Obama Declares Emergency In Flint, But Not Disaster (DFP)

President Barack Obama on Saturday declared a federal emergency in Flint, freeing up to $5 million in federal aid to immediately assist with the public health crisis, but he denied Gov. Rick Snyder’s request for a disaster declaration. A disaster declaration would have made larger amounts of federal funding available more quickly to help Flint residents whose drinking water is contaminated with lead. But under federal law, only natural disasters such as hurricanes and floods are eligible for disaster declarations, federal and state officials said. The lead contamination of Flint’s drinking water is a manmade catastrophe. The president’s actions authorize the FEMA to coordinate responses and cover 75% of the costs for much-needed water, filters, filter cartridges and other items for residents, capped initially at $5 million.

The president also offered assistance in finding other available federal assistance, a news release Saturday from the White House said. Snyder, who on Thursday night asked Obama for federal financial aid in the crisis through declarations of both a federal emergency and a federal disaster, said in a news release Saturday he appreciates Obama granting the emergency request “and supporting Flint during this critical situation.” “I have pledged to use all state resources possible to help heal Flint, and these additional resources will greatly assist in efforts under way to ensure every resident has access to clean water resources,” he said. U.S. Rep.

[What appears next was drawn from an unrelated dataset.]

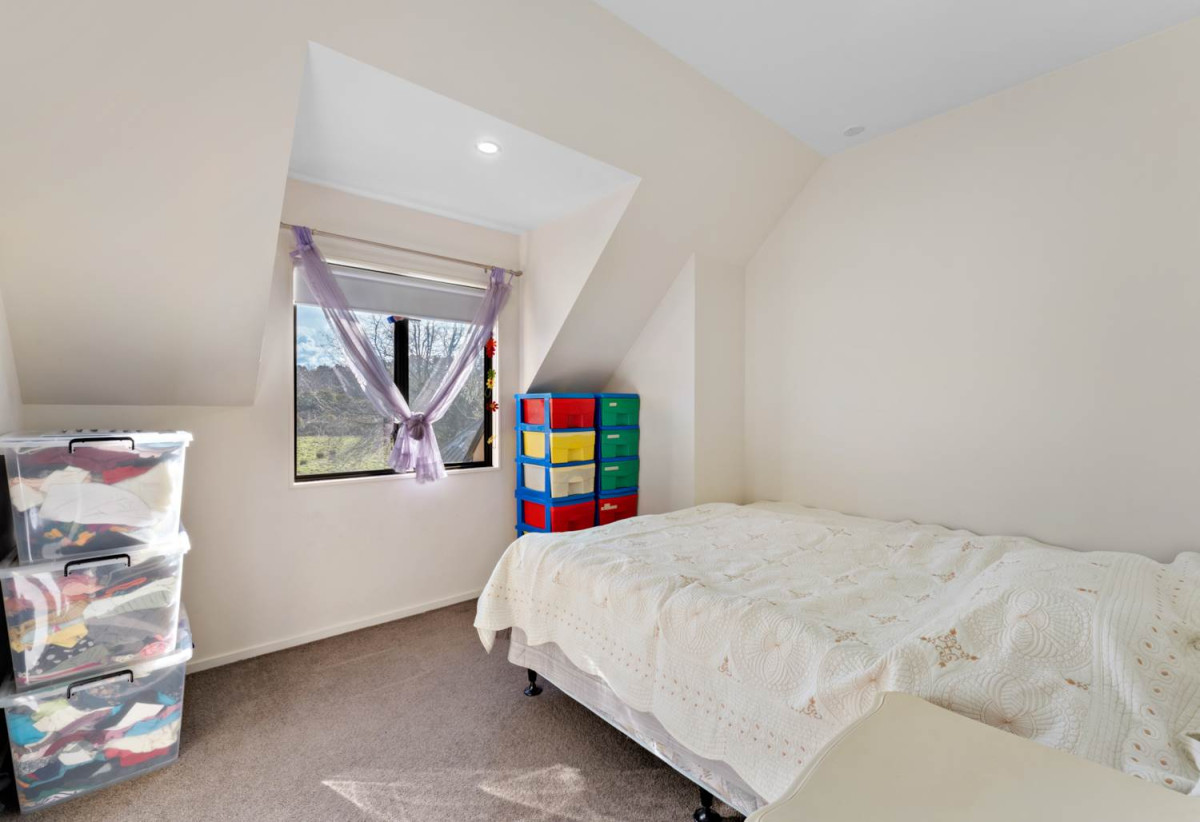 Exceptional 4.26ha Landholding Poised for Growth, 5 beds + office room 4 baths house with standalone double garage and swimming pool, 210 Fred Taylor Drive, Whenuapai, Auckland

Dan Kildee, D-Flint, welcomed the emergency declaration and issued a statement: “I welcome the president’s quick action in support of the people of Flint after months of inaction by the governor,” Kildee said.

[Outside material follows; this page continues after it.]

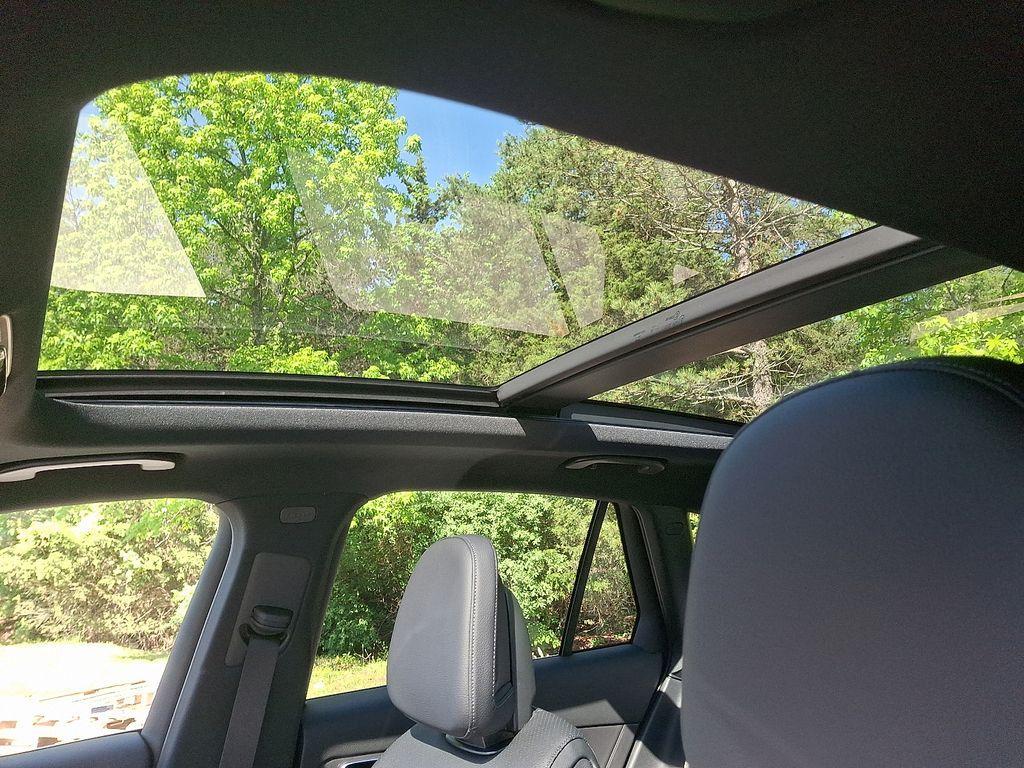new 2025 Mercedes-Benz GLC 300 car, priced at $59,035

“The residents and children of Flint deserve every resource available to make sure that they have safe water and are able to recover from this terrible manmade disaster created by the state.” On Friday, Kildee led a bipartisan effort in support of the request for federal assistance. Kildee had long called for Snyder to request federal aid. Typically, federal aid for an emergency is capped at $5 million, though the president can commit more if he goes through Congress. Snyder’s application said as much as $55 million is needed in the near term to repair damaged lead service lines and as much as $41 million to pay for several months of water distribution and providing residents with testing, water filters and cartridges.

In what’s become a huge government scandal, garnering headlines across the country and around the world, Flint’s drinking water became contaminated with lead after the city temporarily switched its supply source in 2014 from Lake Huron water treated by the Detroit Water and Sewerage Department to more corrosive and polluted Flint River water, treated at the Flint water treatment plant. The switch was made as a cost-cutting move while the city was under the control of a state-appointed emergency manager.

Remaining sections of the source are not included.